Sin duda que la experiencia nos animará a acercarnos a Jesucristo para que nos limpie de nuestras “lepras”, pero que nadie se extrañe si vuelve a decirnos, como al paralítico del evangelio, “tus pecados están perdonados”. Ya saben, lo importante no es tener el cuerpo “limpio”, sino el corazón. Recuerden las Bienaventuranzas predicadas por el Señor en el sermón de la montaña: “Dichosos los limpios de corazón, porque ellos verán a Dios”. Si acudimos a Jesús, porque confiamos en Él, sabemos que nos pedirá realizar constantemente el esfuerzo de luchar contra las fuerzas del mal, contra las que empujan desde el exterior y las que actúan desde el interior de cada uno para apartarnos de Dios y, a partir de ese momento, dentro de tu ser se librará una batalla constante para que triunfe siempre la verdad, para que te alejes de la hipocresía. El contrario más directo de la pureza de corazón no es la impureza, sino la hipocresía, lo deducimos claramente del contexto del sermón de la montaña. Según el Evangelio lo que decide la pureza o impureza de una acción –sea ésta la limosna, el ayuno o la oración- es la intención: esto es, si se realiza para ser vistos por los hombres o por agradar a Dios.
Creo que es un tema muy importante y que el objetivo de nuestra oración debería estar centrado esta semana, y siempre, en pedir al Señor vernos libres de todo pecado, de nuestras “lepras” que nos mantienen alejados de los demás y de Dios. A este propósito decía el Papa Juan Pablo II en Polonia: “La pureza de corazón es, ante todo, don de Dios. Cristo, al darse al hombre en los sacramentos de la Iglesia, pone su morada en su corazón y lo ilumina con el «esplendor de la verdad». Sólo la verdad que es Jesucristo es capaz de iluminar la razón, purificar el corazón y formar la libertad humana… la pureza de corazón prepara para la visión de Dios cara a cara en la dimensión de la felicidad eterna… los limpios de corazón son capaces de ver en toda la creación lo que viene de Dios, en cierto sentido, son capaces de descubrir el valor divino, la dimensión divina, la belleza divina de toda la creación”.
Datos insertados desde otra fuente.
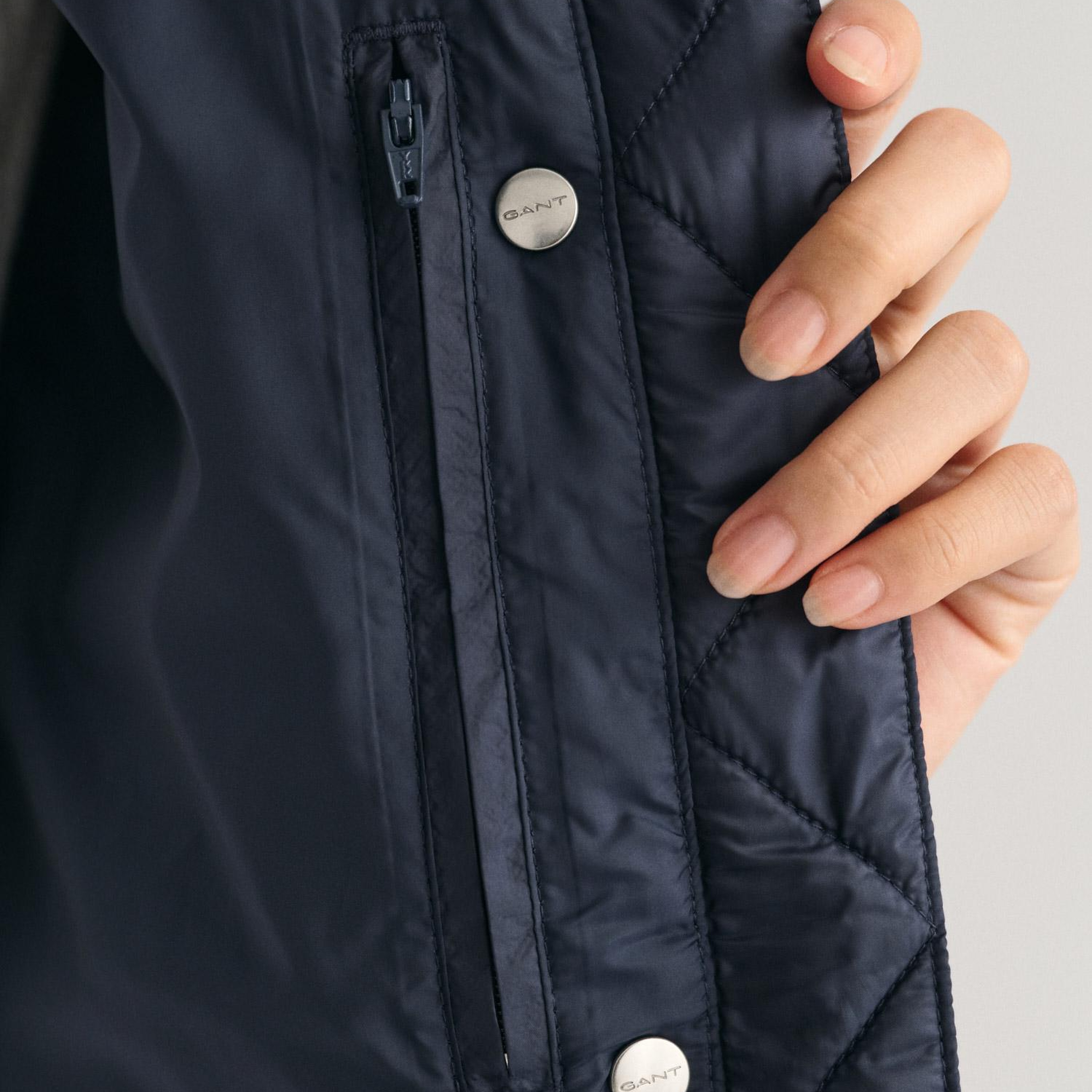 GANT Kadın Lacivert Dik Yaka Kaz Tüyü Mont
El valor de la limpieza de corazón resulta sumamente necesario y actual, sin embargo, nuestra sociedad da muestras de ser una civilización de la muerte, porque quiere destruir la pureza de corazón, la verdad… y se queda embelesada en falsos intereses, en los ídolos o en los poderosos, “seres de polvo que no pueden salvar”. Una civilización que obra así hiere, e incluso destruye, una correcta relación entre las personas. Pido a Dios que os conceda la gracia de la limpieza de corazón.